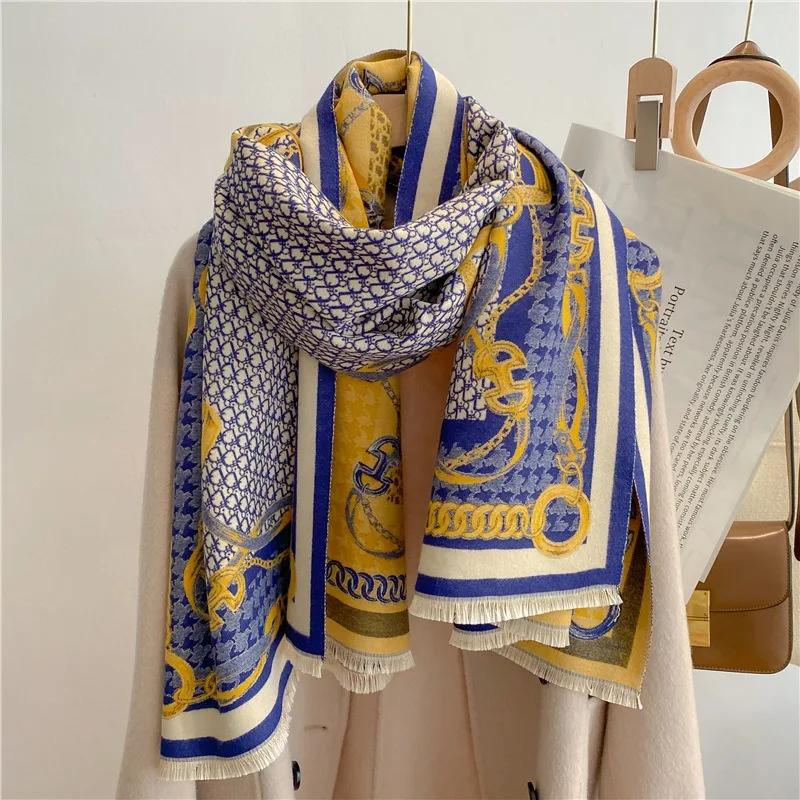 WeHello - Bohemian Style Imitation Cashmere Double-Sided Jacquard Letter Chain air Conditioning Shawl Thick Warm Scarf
* * *
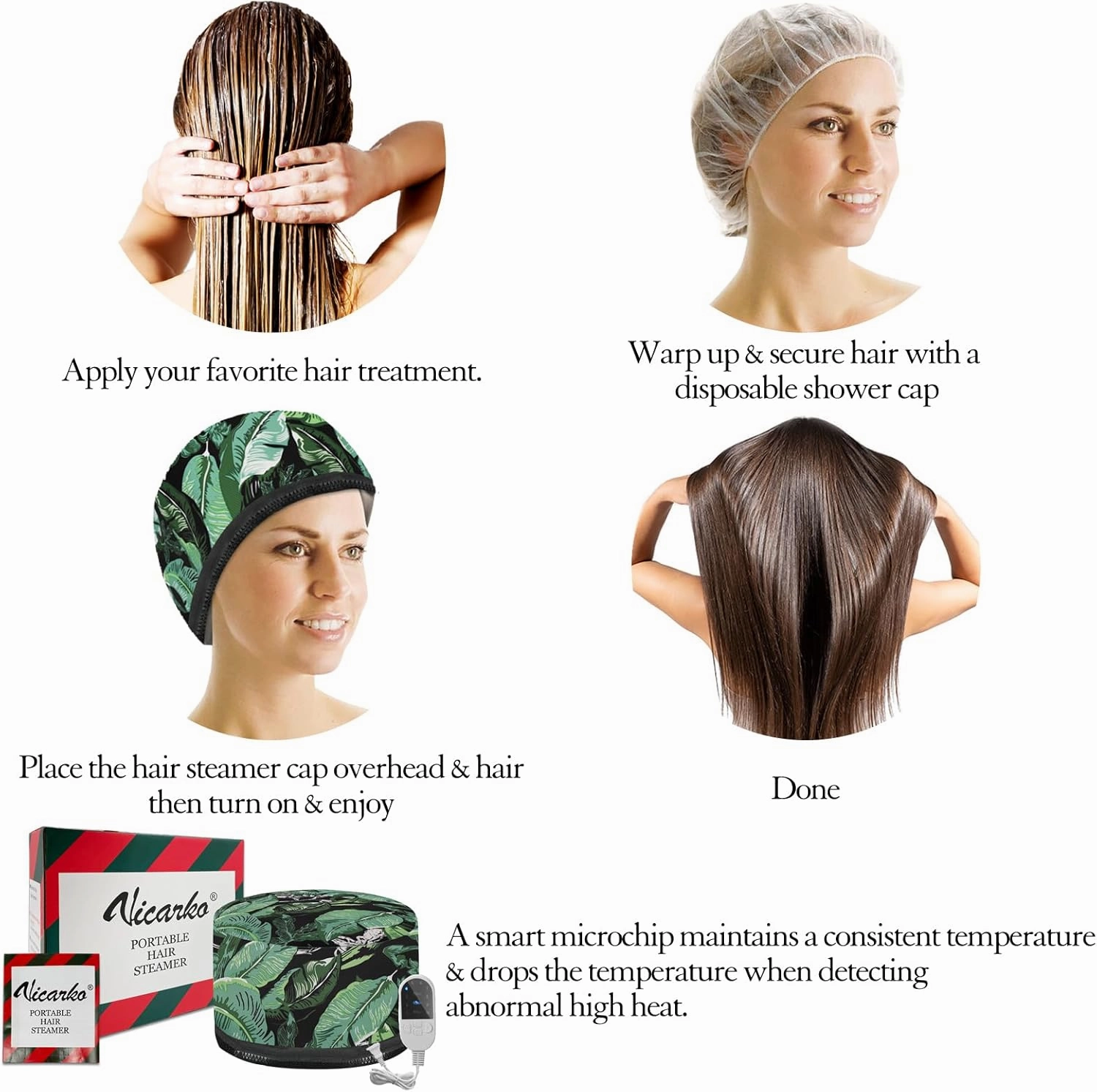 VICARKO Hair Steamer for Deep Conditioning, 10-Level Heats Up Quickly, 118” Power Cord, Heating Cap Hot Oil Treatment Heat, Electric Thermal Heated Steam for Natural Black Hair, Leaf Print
==
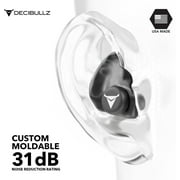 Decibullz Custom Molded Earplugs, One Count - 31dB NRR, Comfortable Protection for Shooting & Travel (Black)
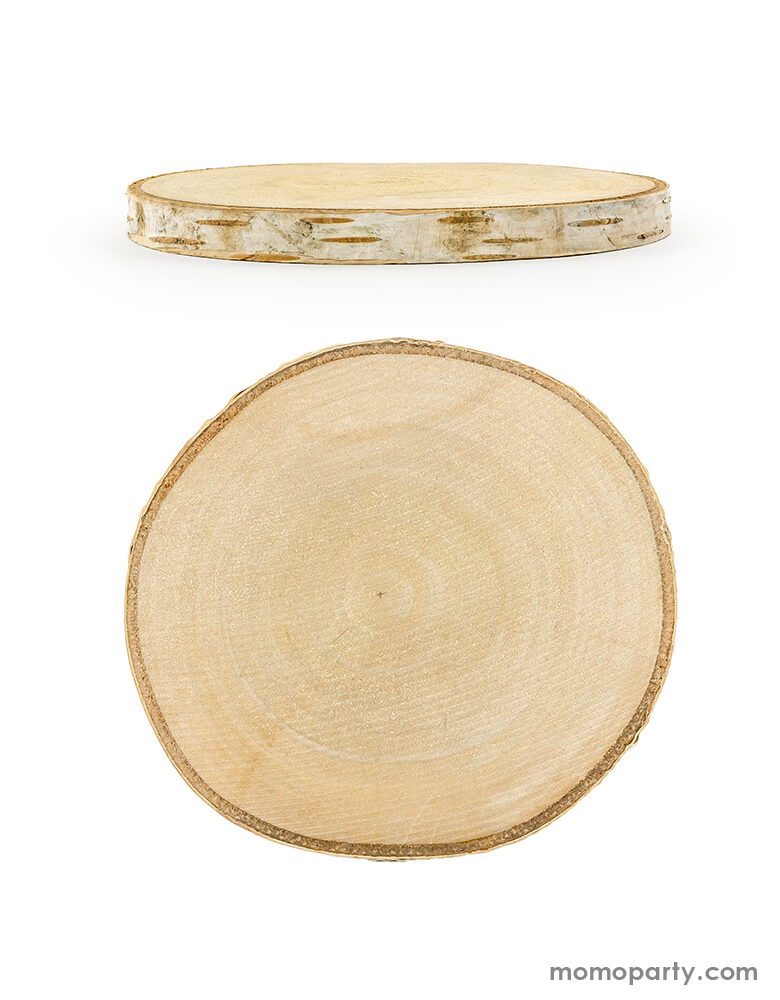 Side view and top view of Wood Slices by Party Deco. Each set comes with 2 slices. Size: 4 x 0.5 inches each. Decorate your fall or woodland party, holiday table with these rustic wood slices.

Exercise objective: From the records above, copy only the lines running from the line containing "Decibullz Custom Molded" to the line containing "Side view and", both ends included. Leave the pictures out.

Answer section:
 Decibullz Custom Molded Earplugs, One Count - 31dB NRR, Comfortable Protection for Shooting & Travel (Black)
 Side view and top view of Wood Slices by Party Deco. Each set comes with 2 slices. Size: 4 x 0.5 inches each. Decorate your fall or woodland party, holiday table with these rustic wood slices.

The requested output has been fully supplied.